The theory of competitive heterogeneity seeks to explain why firms do not converge on a single best way of doing things as predicted by simple microeconomics. The resource-based view (RBV) contains one approach. After the 2000s capability theories have expanded RBV logic. Recently, more work that focuses on heterogeneity has been published in strategy journals.

== History ==
Deeper analyses of this topic were taken up in industrial organization economics by crossover economics/strategic-management scholars such as Harold Demsetz and Michael Porter. Demsetz argued that better-managed firms would make better products (or similar products at lower costs) than their competitors. Such firms would translate better products or lower prices (an optimal decision based on lower costs) into higher levels of demand, which would lead to revenue growth. These firms would then be larger than the more poorly managed competitors.

Porter argued that firms in an industry would cluster into strategic groups. Each group would be similar and movement between groups would be difficult and costly (barriers to mobility). Richard Rumelt and Stephen Lippman demonstrated how firms could differ in an industry in partial equilibrium-like circumstances. Richard Nelson and Sidney G. Winter discussed how firms develop differing capabilities. During this time, industrial economics focused on industry characteristics, treated the differences among firms in an industry as trivial. This was a point of contention within strategy and between strategy and economics from about 1980 to the mid-1990s.

Early in the 1990s a number of papers were published under the rubrics of the Resource-based View and Capabilities. Both approaches continue to develop. However, the RBV won the public relations war (complete with, allegedly, removing dissenting opinions from Wikipedia). The RBV argues that firms vary in their resources and resource variances lead to varying competitive positions. Capability theories, building on earlier work by Nelson and Winter and Teece, make a similar claim.

Developing ideas pioneered by Rumelt and discussed by Levinthal and Noda and Collis. Hoopes, Madsen, and Walker use the term competitive heterogeneity to describe the performance differences between close competitors. Hoopes et al. argue that the RBV is but one of many possible explanations for competitive heterogeneity. Thus, the title of their paper and special issue, "Why is there a RBV?" In addition to economics-based explanations noted above, Hoopes et al. point out that differing beliefs, preferences, and objectives lead firms pursuing similar customers to find and develop unique competitive positions.

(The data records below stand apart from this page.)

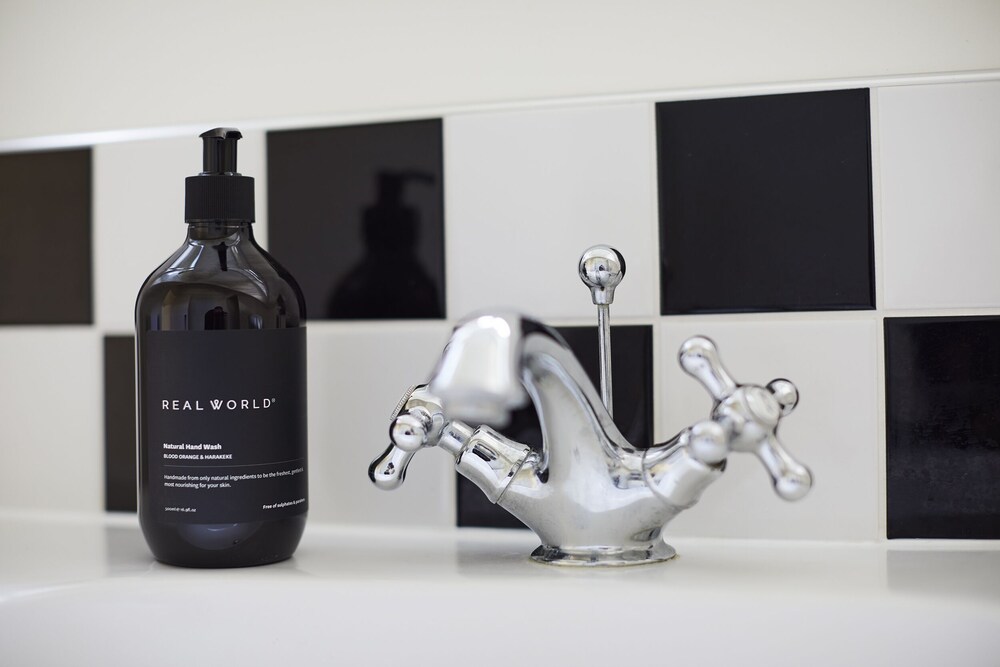 HILLBROOK ESTATE WHANGAMATA, NEW ZEALAND Deals & Reviews (Onemana, NZL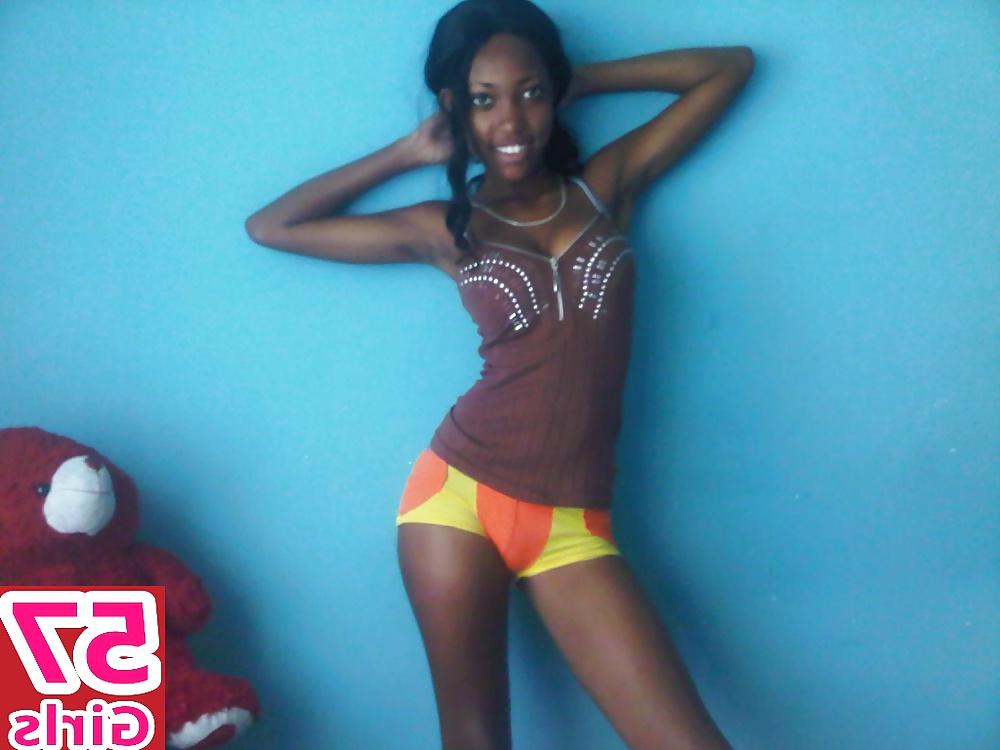 25P 18 year old ebony babes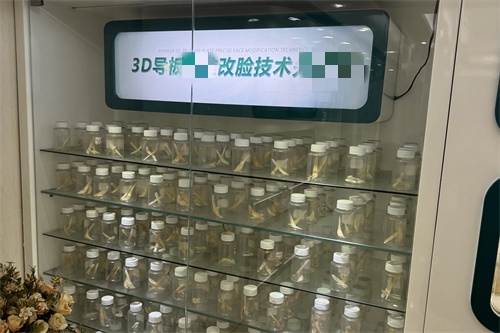 广州广大整形医院展示柜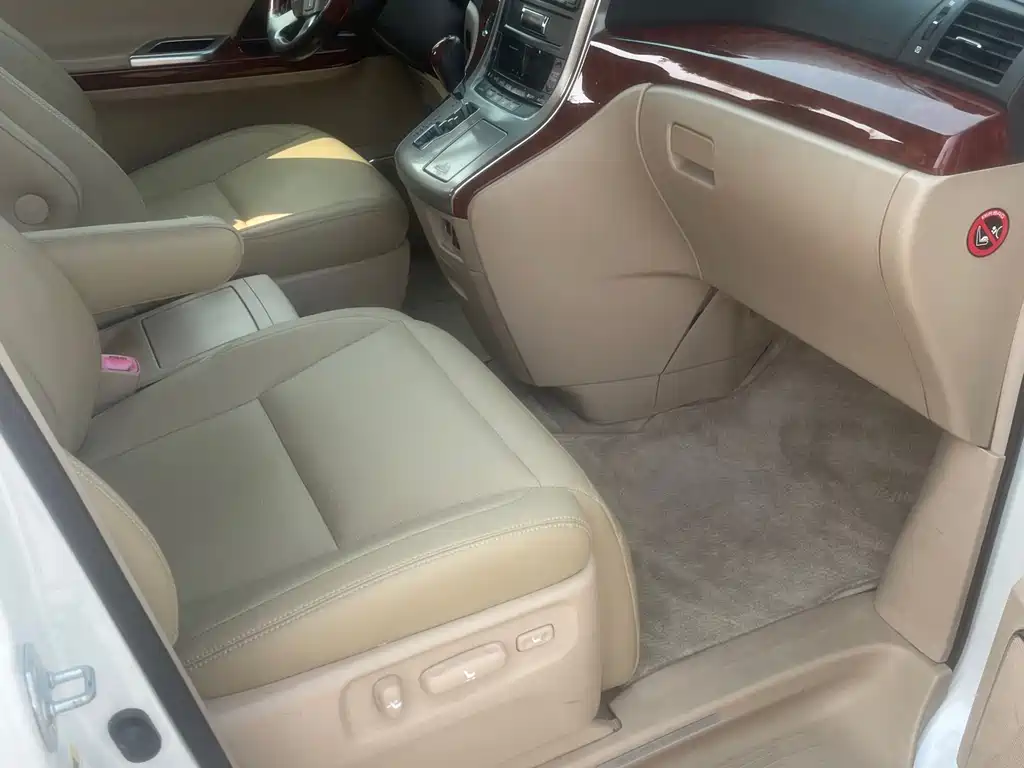 Toyota Alphard — фотографии объявления, Фото 16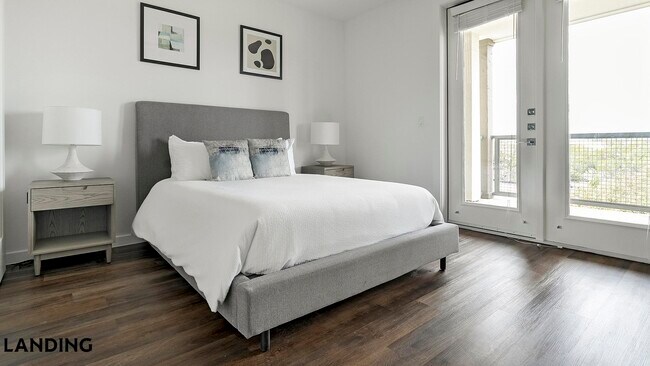 Foto del edificio - 5511 Caprock Smt Dr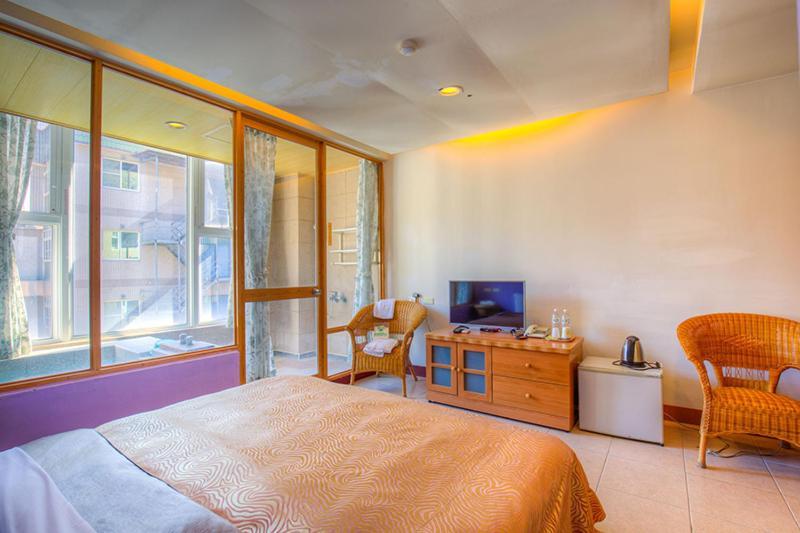 Crystal Hotel Renai Exterior photo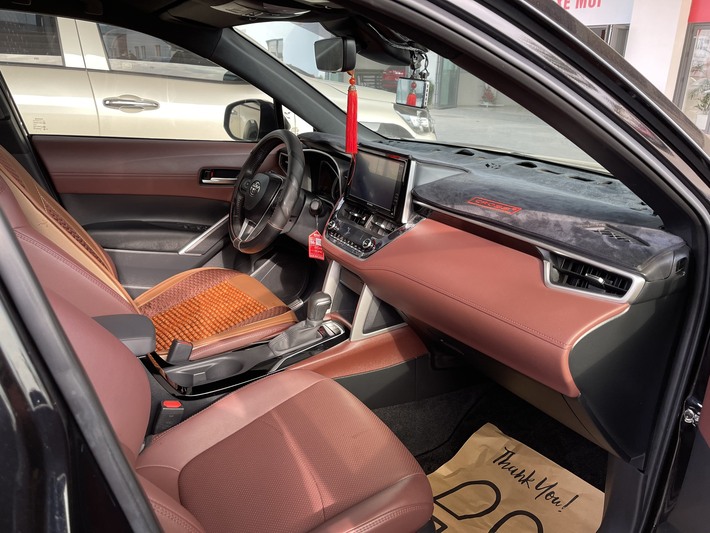 toyota-cross-v-black-da-qua-su-dung-bac-giang-11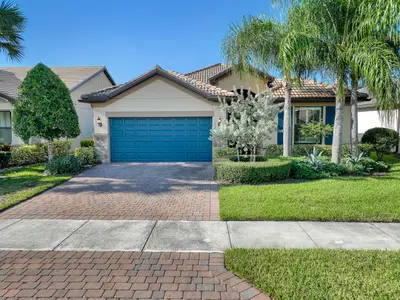 238 SE Longview Drive, Port St. Lucie – Single Family Residence for sale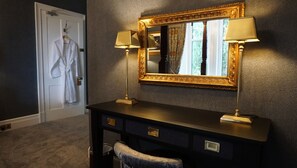 Superior Double Room, Ensuite (Super King Bed) | Individually decorated, individually furnished, soundproofing - Ivybank Lodge (Blairgowrie)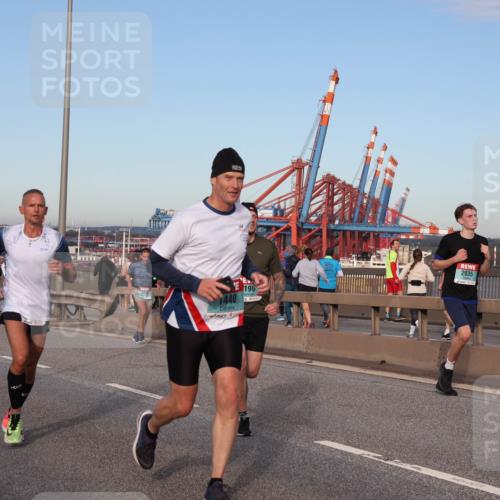 03.10.2024 - Köhlbrandbrückenlauf Matties Gatica Varas http://msf.ph/oto/7215954 03.10.2024 09:39:25 Position 2 440, 196, 2035, 1230 meine-sportfotos.de
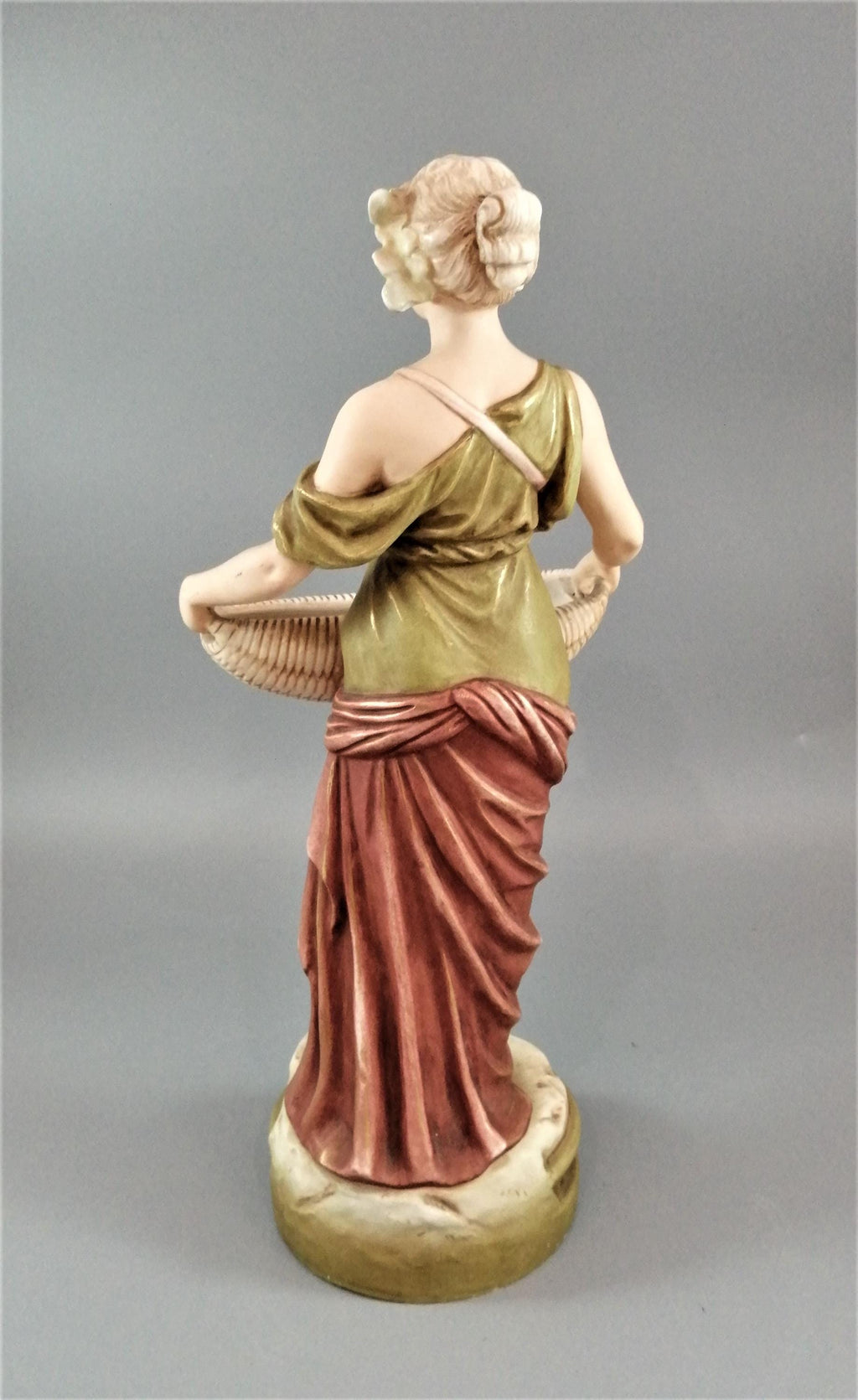 Antique Royal Dux Porcelain Art Nouveau Figurine of a Young Woman, c. 1912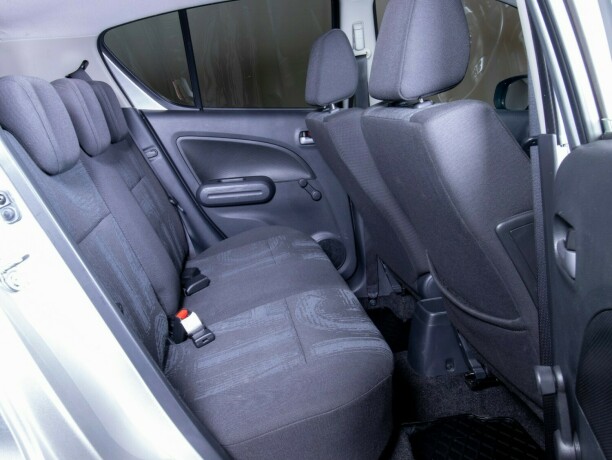 opel-agila-bensin-2013-big-44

Additionally, Hoopes, et al. suggest that competitive advantage should be thought of in terms of each firm's economic contribution. Termed the V-C model, it is basically a bargaining model (see Tirole) over the surplus created by a firm's activities. A buyer and supplier bargain over the price (P) for a good that contributes a value (V) to the buyer and costs the supplier some amount (C) to produce. "Value is the price a buyer is willing to pay for a good absent competing products or services yet within budget constraints and considering other purchasing opportunities. Most work considers costs in terms of marginal cost. The good’s market price lies between value and cost. So, the buyer receives a surplus of value minus the price (V-P), and the supplier receives a profit of price minus cost (P-C). The supplier’s resources and capabilities, in turn, influence the value of the good to the buyer and/or the cost of producing it." Also see Besanko, Dranove & Shanley,; Ghemawat, Walker, see also Postrel. Under this theory, competitive advantage is deemed to be possessed by the firm who implements largest difference between value and cost when compared to rivals. This bargaining model has been further developed extensively in Johnson's account of economic opportunity rents underpinning heterogeneous competition.